(Brief descriptive captions)
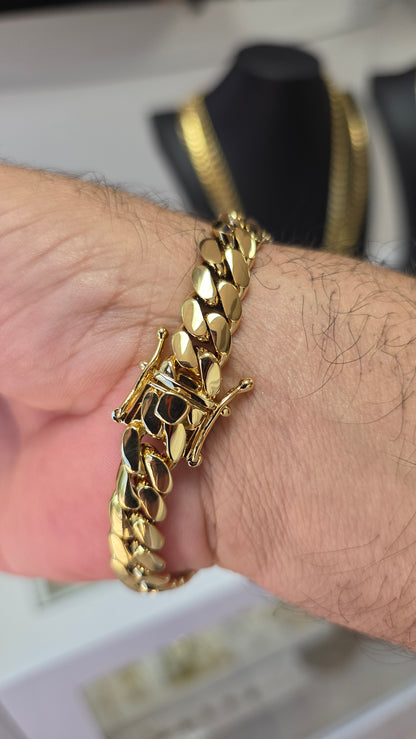 Miami Cuban 10MM.                 (PVD PREMIUM XTREME )Hechas a Mano  (Eslabón Pegado)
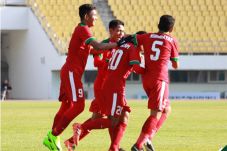 Egy Maulana Cetak Hattrick,...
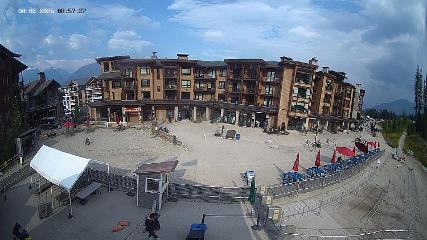 Revelstoke Mountain: Village (revelstokemountainresort.com)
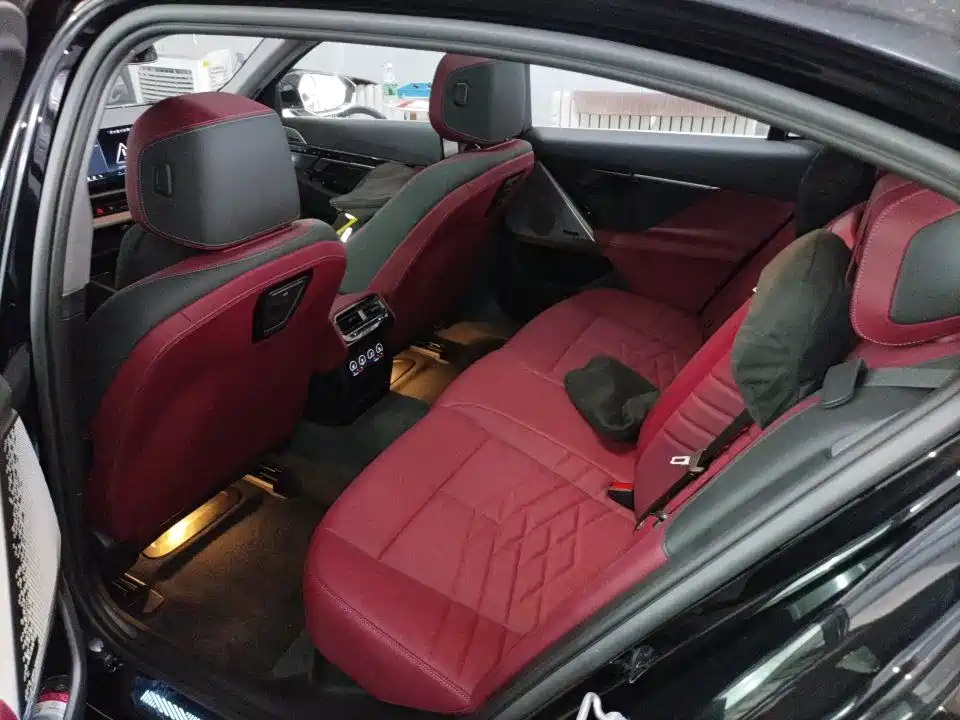 BMW 5 Series — миниатюра 5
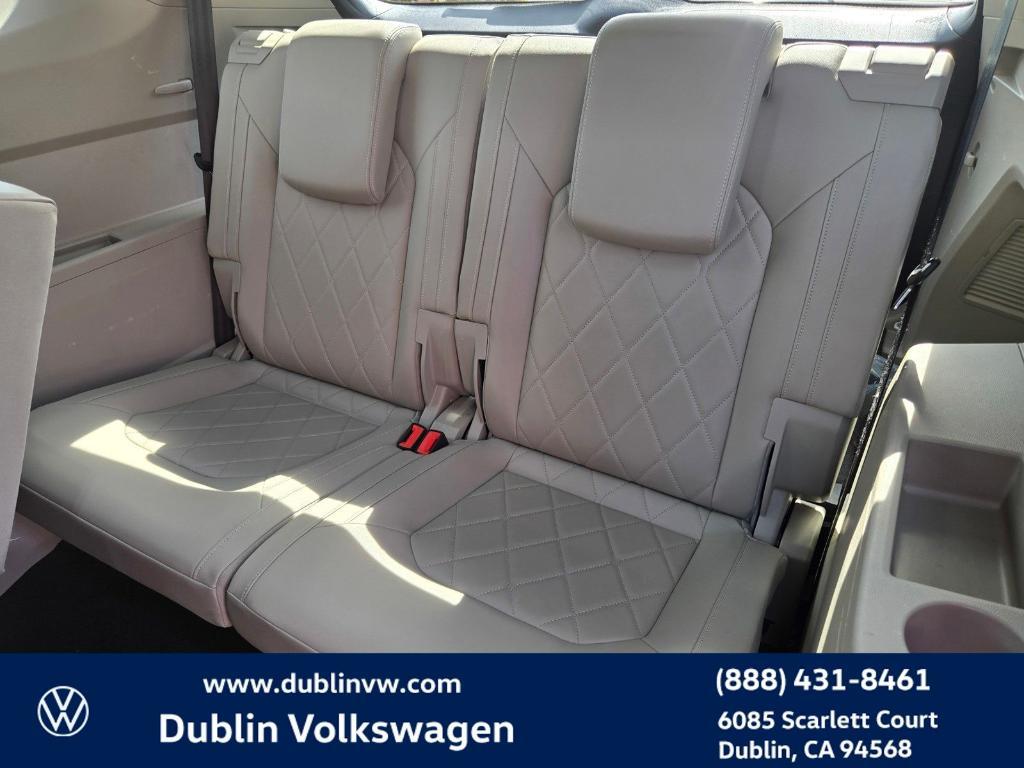 used 2024 Volkswagen Atlas car, priced at $39,991
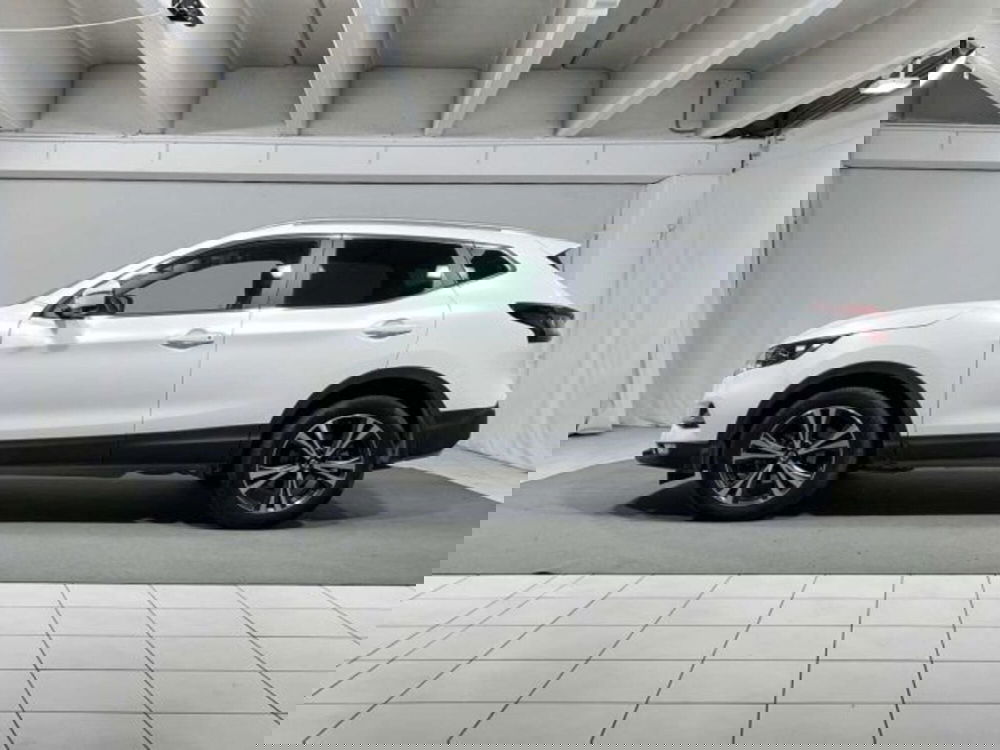 Nissan Qashqai usata a Sondrio (2)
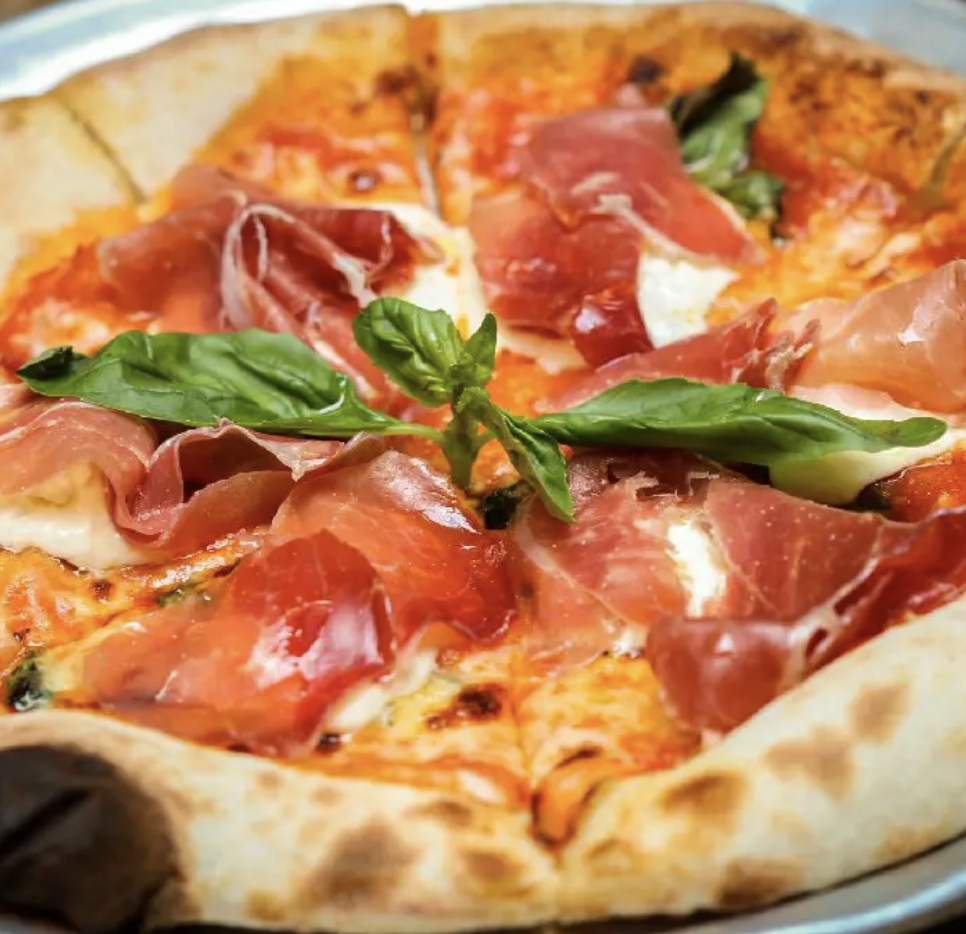 Stracciatella y Prosciutto
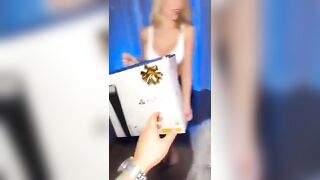 Amore guarda che regalo di Natale ti ho fatto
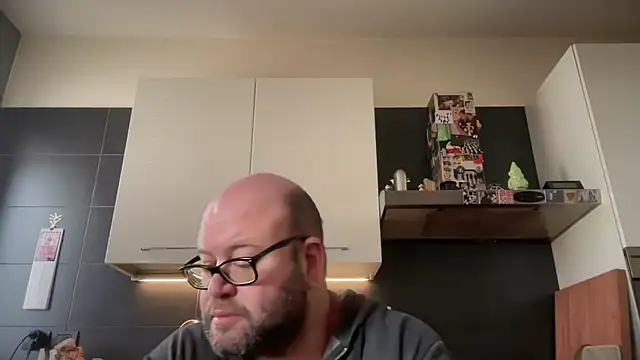 theitalianbear online show from 02.14.26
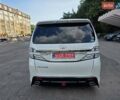 Білий Тойота Веллфаір, об'ємом двигуна 2.4 л та пробігом 84 тис. км за 18900 $, фото 7 на Automoto.ua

WHAT YOU SHOULD DO: Without any pictures, please reproduce the full set of entries.

WRITTEN ANSWER:
 Miami Cuban 10MM.                 (PVD PREMIUM XTREME )Hechas a Mano  (Eslabón Pegado)
 Egy Maulana Cetak Hattrick,...
 Revelstoke Mountain: Village (revelstokemountainresort.com)
 BMW 5 Series — миниатюра 5
 used 2024 Volkswagen Atlas car, priced at $39,991
 Nissan Qashqai usata a Sondrio (2)
 Stracciatella y Prosciutto
 Amore guarda che regalo di Natale ti ho fatto
 theitalianbear online show from 02.14.26
 Білий Тойота Веллфаір, об'ємом двигуна 2.4 л та пробігом 84 тис. км за 18900 $, фото 7 на Automoto.ua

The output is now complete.